#### [Task goal]
Go through the data line by line. Copy each one holding the string "Beige".

Caption-style text data

◇ ◇ ◇ ◇

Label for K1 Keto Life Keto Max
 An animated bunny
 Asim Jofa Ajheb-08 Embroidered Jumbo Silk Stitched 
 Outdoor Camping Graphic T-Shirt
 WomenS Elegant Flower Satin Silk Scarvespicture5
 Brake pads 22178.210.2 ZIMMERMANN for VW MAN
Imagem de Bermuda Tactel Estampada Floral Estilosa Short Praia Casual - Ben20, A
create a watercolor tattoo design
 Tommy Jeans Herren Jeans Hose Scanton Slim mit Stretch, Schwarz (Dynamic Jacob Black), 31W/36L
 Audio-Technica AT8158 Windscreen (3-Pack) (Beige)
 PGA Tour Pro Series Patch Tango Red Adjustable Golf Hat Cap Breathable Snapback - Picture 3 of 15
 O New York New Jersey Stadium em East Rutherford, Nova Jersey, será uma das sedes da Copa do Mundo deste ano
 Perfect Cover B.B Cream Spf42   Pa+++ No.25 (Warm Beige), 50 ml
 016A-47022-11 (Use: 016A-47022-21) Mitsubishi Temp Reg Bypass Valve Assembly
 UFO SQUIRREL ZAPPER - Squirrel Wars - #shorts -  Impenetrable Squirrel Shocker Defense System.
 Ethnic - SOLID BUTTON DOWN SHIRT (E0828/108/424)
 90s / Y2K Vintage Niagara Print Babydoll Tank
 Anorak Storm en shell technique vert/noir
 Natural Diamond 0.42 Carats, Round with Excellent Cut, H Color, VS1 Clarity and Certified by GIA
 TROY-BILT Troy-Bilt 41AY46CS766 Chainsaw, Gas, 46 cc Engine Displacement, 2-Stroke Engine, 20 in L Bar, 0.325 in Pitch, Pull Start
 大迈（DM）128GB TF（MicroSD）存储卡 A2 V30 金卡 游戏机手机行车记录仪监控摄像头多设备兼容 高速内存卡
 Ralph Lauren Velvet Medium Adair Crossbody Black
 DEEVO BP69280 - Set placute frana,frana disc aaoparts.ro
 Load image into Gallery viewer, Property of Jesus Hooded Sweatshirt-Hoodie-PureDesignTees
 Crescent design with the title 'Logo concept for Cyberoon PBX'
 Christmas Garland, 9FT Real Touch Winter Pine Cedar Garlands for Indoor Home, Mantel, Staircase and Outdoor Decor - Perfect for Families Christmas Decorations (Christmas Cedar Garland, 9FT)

◇ ◇ ◇ ◇

#### [Finished exercise]
 Audio-Technica AT8158 Windscreen (3-Pack) (Beige)
 Perfect Cover B.B Cream Spf42   Pa+++ No.25 (Warm Beige), 50 ml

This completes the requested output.